To start with I shall develop a particular conception of justice by stating and commenting upon two principles which specify it, and by considering the circumstances and conditions under which they may be thought to arise. The principles defining this conception, and the conception itself, are, of course, familiar. It may be possible, however, by using the notion of fairness as a framework, to assemble and to look at them in a new way. Before stating this conception, however, the following preliminary matters should be kept in mind.
Throughout I consider justice only as a virtue of social institutions, or what I shall call practices. The principles of justice are regarded as formulating restrictions as to how practices may define positions and offices, and assign thereto powers and liabilities, rights and duties. Justice as a virtue of particular actions or of persons I do not take up at all. It is important to distinguish these various subjects of justice, since the meaning of the concept varies according to whether it is applied to practices, particular actions, or persons. These meanings are, indeed, connected, but they are not identical. I shall confine my discussion to the sense of justice as applied to practices, since this sense is the basic one. Once it is understood, the other senses should go quite easily.
Justice is to be understood in its customary sense as representing but one of the many virtues of social institutions, for these may be antiquated, inefficient, degrading, or any number of other things, without being unjust. Justice is not to be confused with an all-inclusive vision of a good society; it is only one part of any such conception. It is important, for example, to distinguish that sense of equality which is an aspect of the concept of justice from that sense of equality which belongs to a more comprehensive social ideal. There may well be inequalities which one concedes are just, or at least not unjust, but which, nevertheless, one wishes, on other grounds, to do away with. I shall focus attention, then, on the usual sense of justice in which it is essentially the elimination of arbitrary distinctions and the establishment, within the structure of a practice, of a proper balance between competing claims.
Finally, there is no need to consider the principles discussed below as the principles of justice. For the moment it is sufficient that they are typical of a family of principles normally associated with the concept of justice. The way in which the principles of this family resemble one another, as shown by the background against which they may be thought to arise, will be made clear by the whole of the subsequent argument.
[TWO PRINCIPLES OF JUSTICE]
2. The conception of justice which I want to develop may be stated in the form of two principles as follows: first, each person participating in a practice, or affected by it, has an equal right to the most extensive liberty compatible with a like liberty for all; and second, inequalities are arbitrary unless it is reasonable to expect that they will work out for everyone’s advantage, and provided the positions and offices to which they attach, or from which they may be gained, are open to all. These principles express justice as a complex of three ideas: liberty, equality, and reward for services contributing to the common good.

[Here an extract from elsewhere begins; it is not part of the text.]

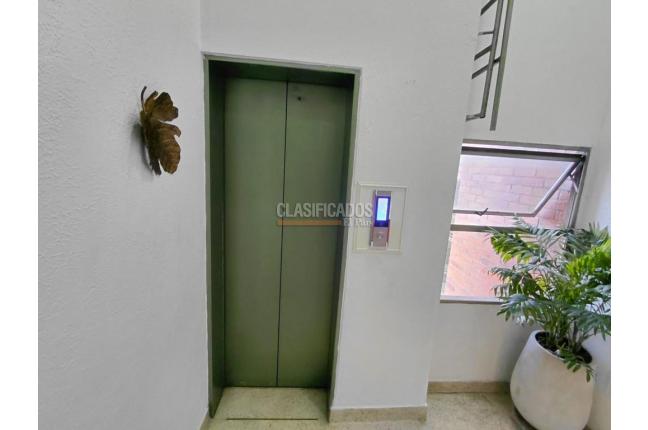 Apartamentos, Alquiler en Bellavista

The term “person” is to be construed variously depending on the circumstances. On some occasions it will mean human individuals, but in others it may refer to nations, provinces, business firms, churches, teams, and so on. The principles of justice apply in all these instances, although there is a certain logical priority to the case of human individuals. As I shall use the term “person,” it will be ambiguous in the manner indicated.

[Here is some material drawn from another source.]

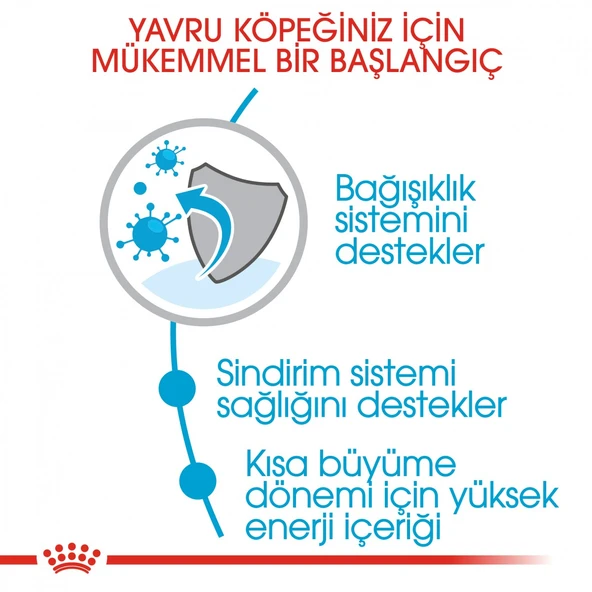 Royal Canin Medium Puppy Orta Irk Yavru Köpek Maması 15 Kg - Resim 7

The first principle holds, of course, only if other things are equal: that is, while there must always be a justification for departing from the initial position of equal liberty (which is defined by the pattern of rights and duties, powers and liabilities, established by a practice), and the burden of proof is placed on him who would depart from it, nevertheless, there can be, and often there is, a justification for doing so. Now, that similar particular cases, as defined by a practice, should be treated similarly as they arise, is part of the very concept of a practice; it is involved in the notion of an activity in accordance with rules. The first principle expresses an analogous conception, but as applied to the structure of practices themselves. It holds, for example, that there is a presumption against the distinctions and classifications made by legal systems and other practices to the extent that they infringe on the original and equal liberty of the persons participating in them. The second principle defines how this presumption may be rebutted.
*[ It might be argued at this point that justice requires only an equal liberty. If, however, a greater liberty were possible for all without loss or conflict, then it would be irrational to settle on a lesser liberty. There is no reason for circumscribing rights unless their exercise would be incompatible, or would render the practice defining them less effective. Therefore no serious distortion of the concept of justice is likely to follow from including within it the concept of the greatest equal liberty.]
The second principle defines what sorts of inequalities are permissible; it specifies how the presumption laid down by the first principle may be put aside. Now by inequalities it is best to understand not any differences between offices and positions, but differences in the benefits and burdens attached to them either directly or indirectly, such as prestige and wealth, or liability to taxation and compulsory services. Players in a game do not protest against there being different positions, such as batter, pitcher, catcher, and the like, nor to there being various privileges and powers as specified by the rules; nor do the citizens of a country object to there being the different offices of government such as president, senator, governor, judge, and so on, each with their special rights and duties. It is not differences of this kind that are normally thought of as inequalities, but differences in the resulting distribution established by a practice, or made possible by it, of the things men strive to attain or avoid. Thus they may complain about the pattern of honors and rewards set up by a practice (e.g., the privileges and salaries of government officials) or they may object to the distribution of power and wealth which results from the various ways in which men avail themselves of the opportunities allowed by it (e.g., the concentration of wealth which may develop in a free price system allowing large entrepreneurial or speculative gains).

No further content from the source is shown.